BAB IV ANTISIPASI DINI
Pasal 6
(1) Pemerintah Daerah melakukan Antisipasi Dini terhadap Penyalahgunaan Narkotika.
(2) Antisipasi Dini sebagaimana dimaksud pada ayat (1) dengan cara:
a. memberikan informasi mengenai larangan dan bahaya Penyalahgunaan Narkotika serta dampak buruknya melalui berbagai
kegiatan dan media informasi; b. melakukan pengawasan terhadap Aparatur Sipil Negara; c. melakukan pengawasan di lingkungan satuan pendidikan;
d. melakukan pengawasan terhadap rumah kos, hotel dan penginapan serta tempat-tempat hiburan;
e. melalui kegiatan yang diarahkan pada upaya untuk menghindarkan anggota masyarakat dari lingkungan yang tidak baik;
f. peningkatan peran aktif masyarakat untuk ikut mencegah
Penyalahgunaan Narkotika; dan g. berkerjasama dengan Instansi Vertikal, satuan pendidikan, Badan
Usaha dan/atau instansi lainnya untuk melakukan gerakan anti
Narkotika dan menyukseskan program P4GN.
BAB V
PENCEGAHAN Pasal 7
Upaya Pencegahan terhadap Penyalahgunaan Narkotika dilakukan melalui: a. keluarga;
b. satuan pendidikan; c. masyarakat; d. instansi di lingkungan Pemerintah Daerah, Lembaga Pemerintah di
Daerah dan DPRD; e. Badan Usaha;
f. hotel/penginapan, tempat hiburan, rumah kos dan Tempat Usaha; dan g. organisasi media massa.
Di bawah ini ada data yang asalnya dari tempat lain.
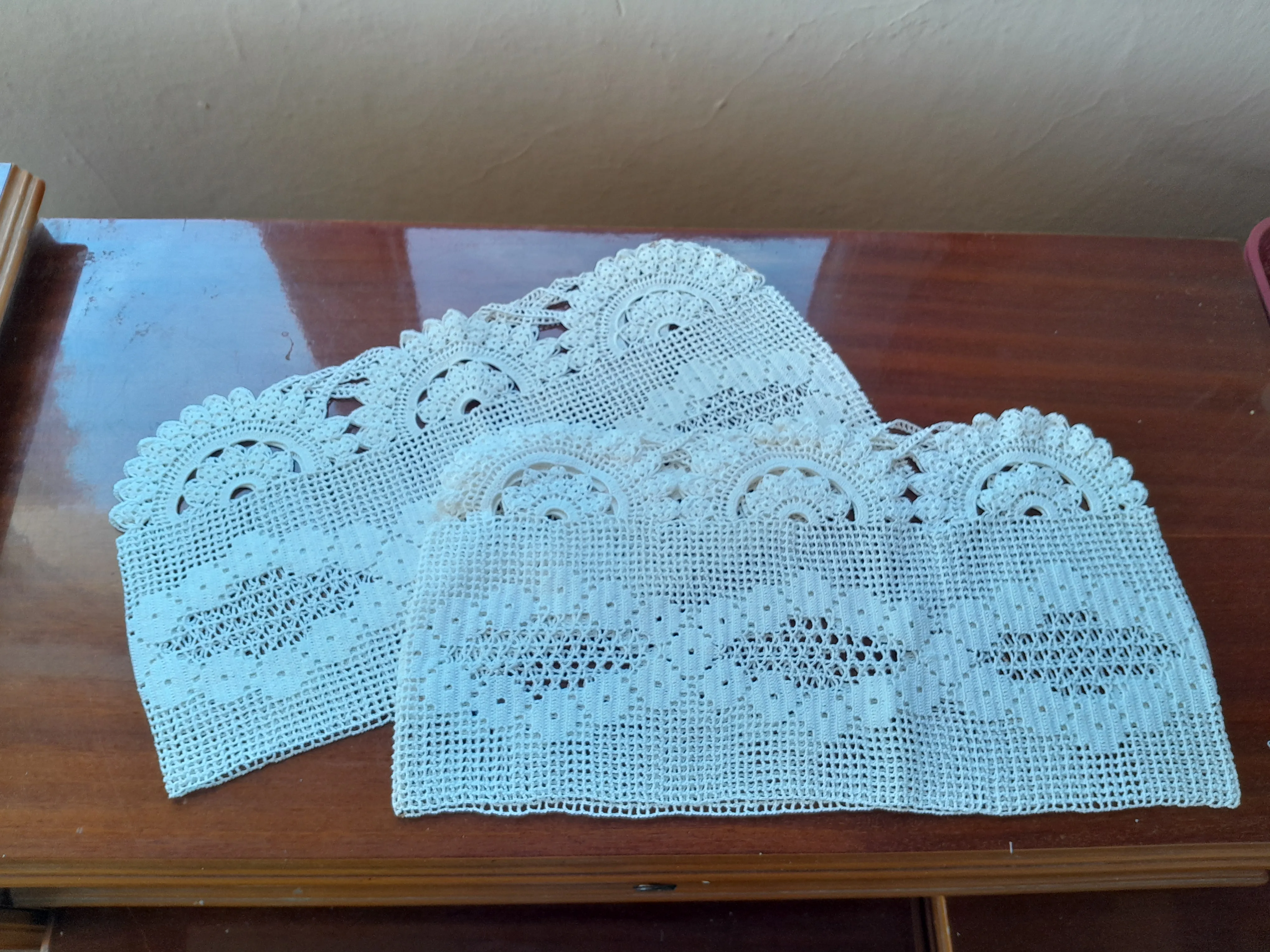 Dantel Yastık Kılıfı - Krem Rengi, El İşi, 2'li Set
Bagian Kesatu Pencegahan Melalui Keluarga
Pasal 8
Pencegahan melalui keluarga sebagaimana dimaksud dalam Pasal 7 huruf a,
6
dilakukan oleh orang tua dengan cara: a. memberi pendidikan keagamaan kepada anggota keluarga;
b. meningkatkan komunikasi dengan anggota keluarga, khususnya dengan anak dan anggota keluarga yang tinggal dalam satu rumah; dan
c. melakukan pendampingan kepada anggota keluarga agar mempunyai
kekuatan mental dan keberanian untuk menolak Penyalahgunaan Narkotika.
Bagian Kedua
Pencegahan Melalui Satuan Pendidikan
Pasal 9
Pencegahan melalui satuan pendidikan sebagaimana dimaksud dalam Pasal 7 huruf b, dilakukan oleh satuan pendidikan, baik negeri maupun swasta
dengan cara: a. menetapkan tata tertib sekolah yang memuat kebijakan Pencegahan
Penyalahgunaan Narkotika dan mensosialisasikan di lingkungan satuan pendidikannya;
b. membentuk tim/kelompok kerja satuan tugas anti Narkotika pada
masing-masing satuan pendidikan; c. ikut melaksanakan kampanye dan penyebaran informasi yang benar
mengenai bahaya Penyalahgunaan Narkotika; d. memfasilitasi layanan konsultasi/konseling bagi peserta didik yang
memiliki kecenderungan Penyalahgunaan Narkotika;
e. berkoordinasi dengan orang tua/wali dalam hal ada indikasi Penyalahgunaan Narkotika yang dilakukan oleh peserta didik di lingkungan satuan pendidikannya;
f. melaporkan apabila adanya indikasi Penyalahgunaan dan Peredaran Narkotika di lingkungan satuan pendidikan kepada pihak yang
berwenang; dan g. bertindak koorperatif dan proaktif dengan Pemerintah Daerah, kepolisian
dan BNNK apabila terdapat kegiatan pembinaan dan deteksi dini
Penyalahgunaan Narkotika di satuan pendidikannya.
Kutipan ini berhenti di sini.